The natural extension to that is, the jobs that exist today in all probability will not exist a 100 years from now.

And the change will be mostly lead by artificial intelligence and the rise of machines.

For a long time it has been argued that AI will eventually take away all jobs except for the most creative ones. But now we see AI writing novels and songs and even drawing paintings.

You just have to throw enough data on a machine learning algorithm and it will learn what you or me can learn. (If an ML algorithm is reading this, apologies for my callousness, and congratulations on your achievements, you’re a star, really!)

Neural networks are quite neat that way, they work a lot like our brains do, and just like you can not pinpoint exactly how a human brain functions, even the best of the computer scientists are sometimes confounded how an ML engine could learn what they themselves couldn’t understand.
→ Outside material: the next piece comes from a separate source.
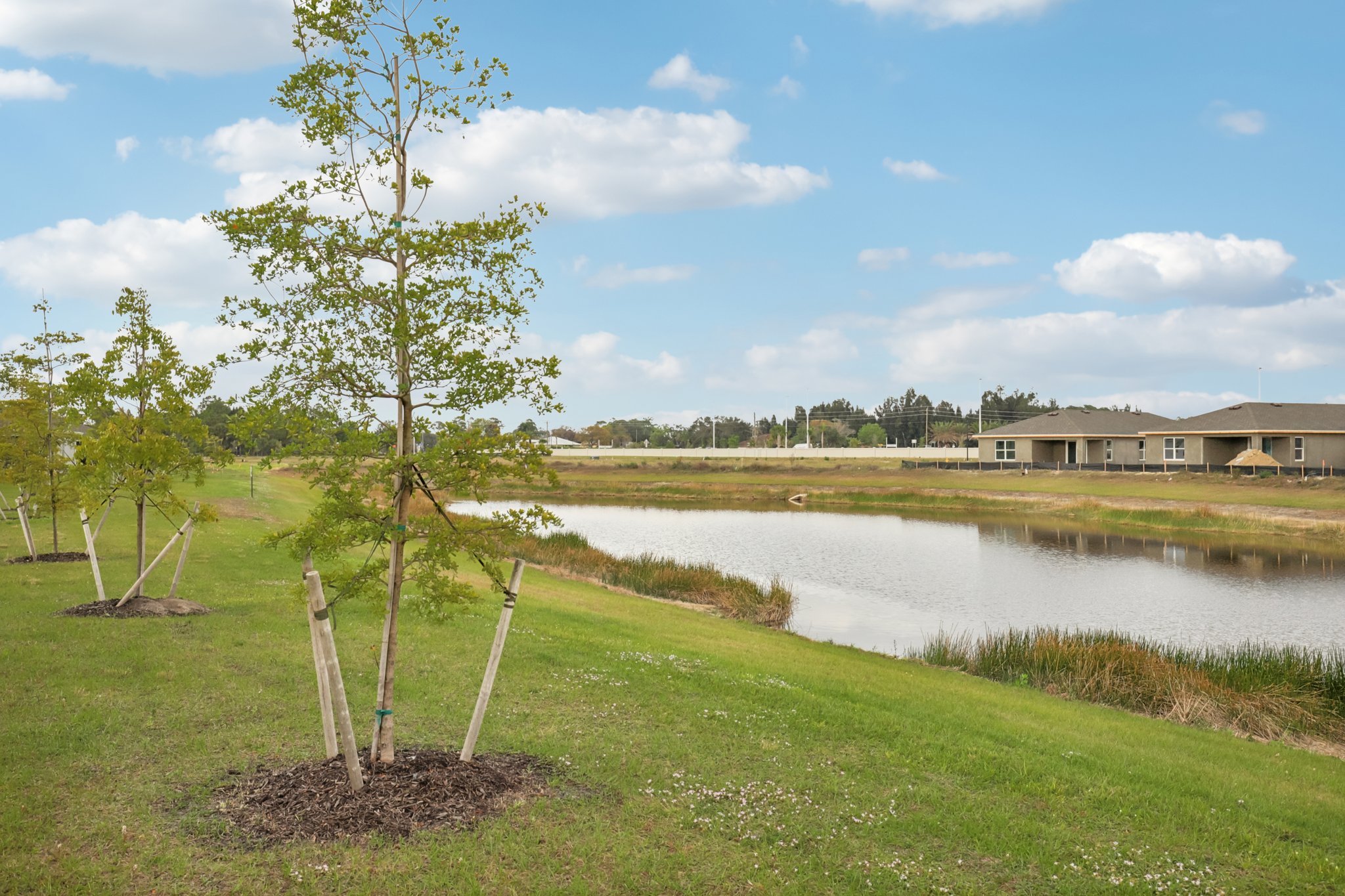 Brumfield Xing-S1401-044.jpg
Technology and automation taking over more work and reducing human labour has been the hallmark of our history and a feature of our progress. But this video from Kurzgesagt argues this time it’s different.

This time the machines are coming for our jobs, and we won’t be able to do anything about it.
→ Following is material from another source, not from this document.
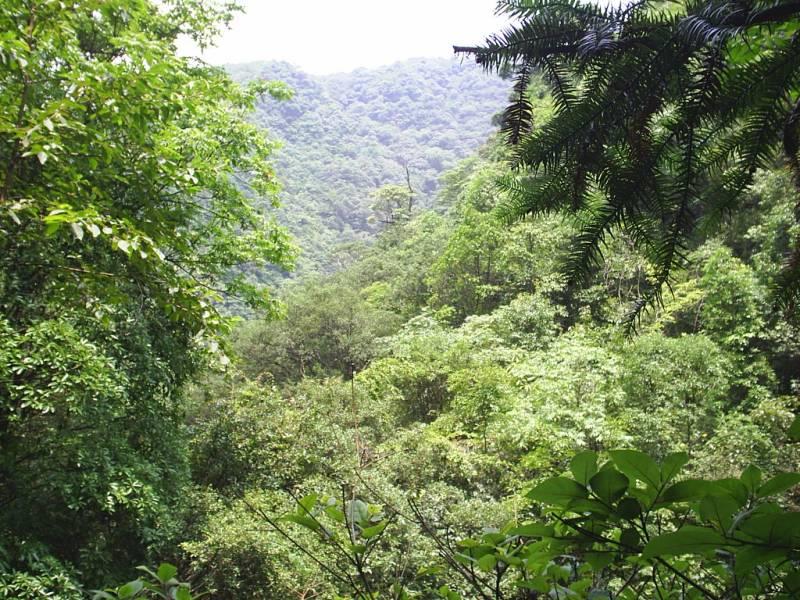 浙江有哪些奇特的景观,浙江有哪些珍稀花草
So what will we do when the machines are doing everything? How will we make money? How will we sustain our life?

Some say we are looking at a future with some version of Universal Basic Income. It’s the idea that everyone will be paid a fixed sum of money by the government to sustain a basic standard of living, and anything they do can earn them money over and above that basic income.

I know the idea sounds socialists, and there are political debates going on around the world on UBI. But it’s a long way away in the future.

For now, it’s an interesting thought experiment that we should indulge in.

It will also help us think better about the work we do, what role does it play in our life, what we derive from it.

Check out the second part of the video series from Kurzgesagt, it’s about UBI —

You are the average of the 5 types of content you consume most online.

Subscribe to The Wisdom Project to receive a curation of the best that the internet has to offer.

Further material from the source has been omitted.